(SUPPLIED MATERIAL)

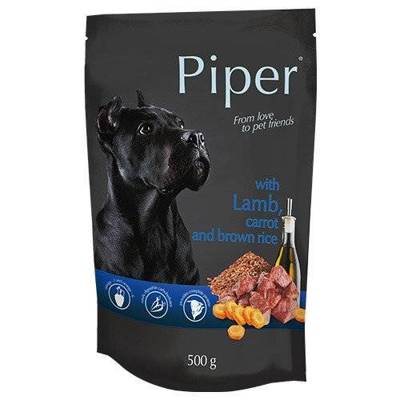 DOLINA NOTECI Piper maistas šunims su ėriena, morkomis ir ryžiais 500g
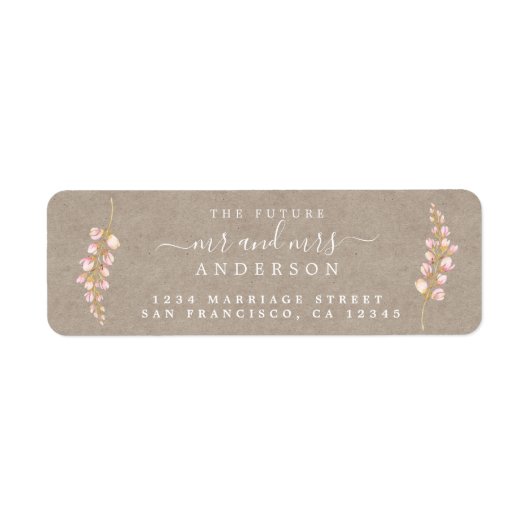 Zukunft Rustic Floral Wedding Rücksendeadresse (Vorne)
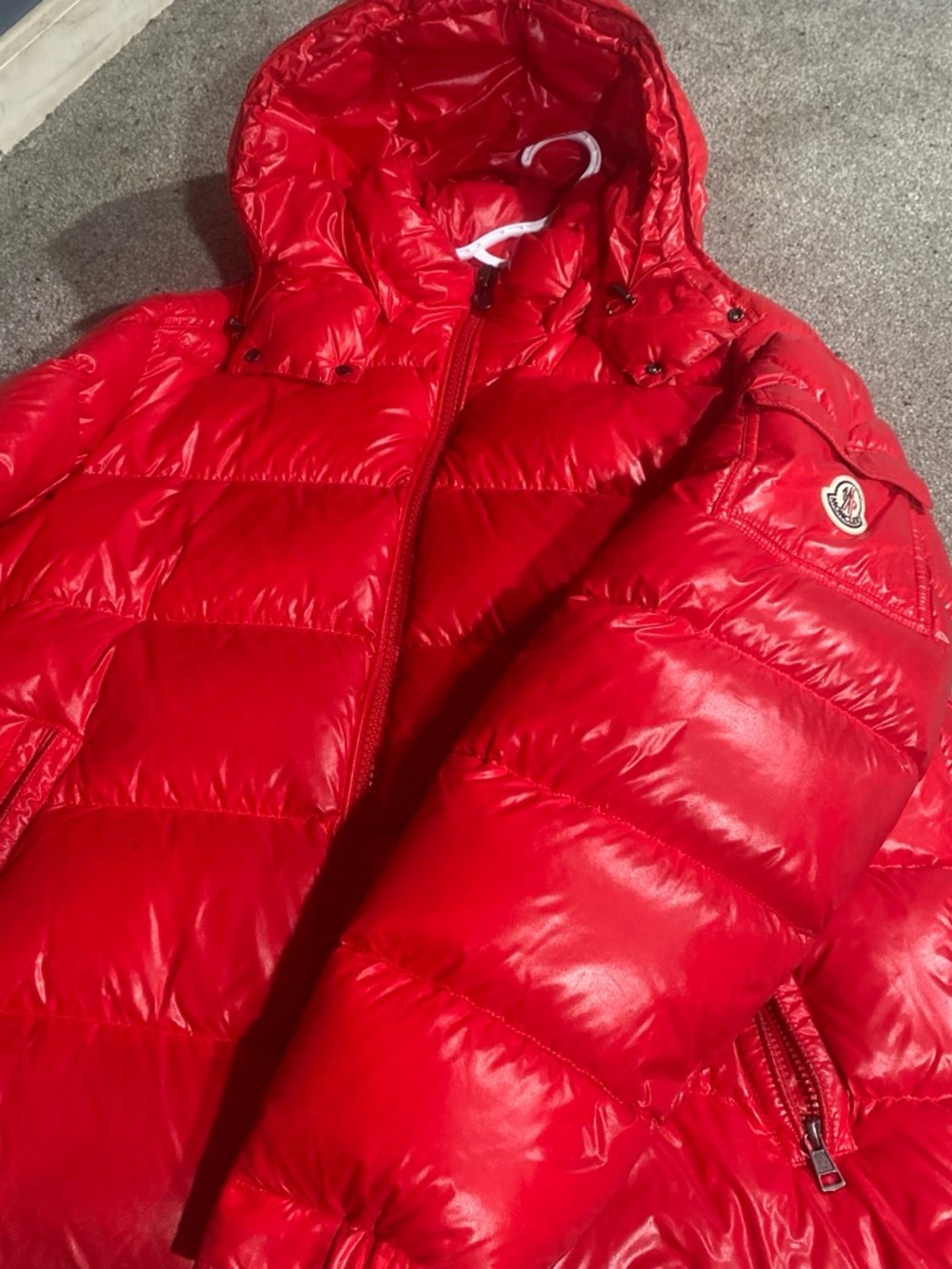 Moncler Red Puffer Jacket with Hood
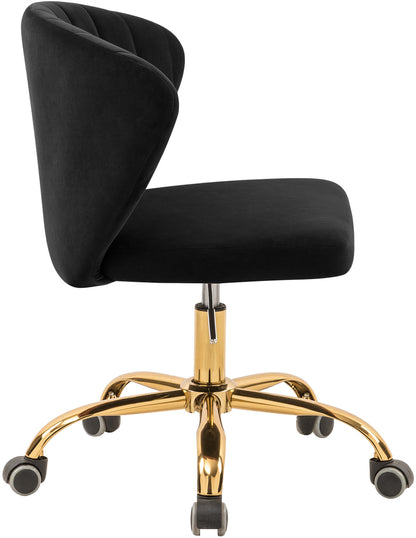 Geri Black Velvet Office Chair Black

(End SUPPLIED MATERIAL)

_WHAT THE EXERCISE ASKS_: Print the listing again exactly as it appears, except for the pictures, which stay out.

_ANSWER TO THIS PROBLEM_:
 DOLINA NOTECI Piper maistas šunims su ėriena, morkomis ir ryžiais 500g
 Zukunft Rustic Floral Wedding Rücksendeadresse (Vorne)
 Moncler Red Puffer Jacket with Hood
 Geri Black Velvet Office Chair Black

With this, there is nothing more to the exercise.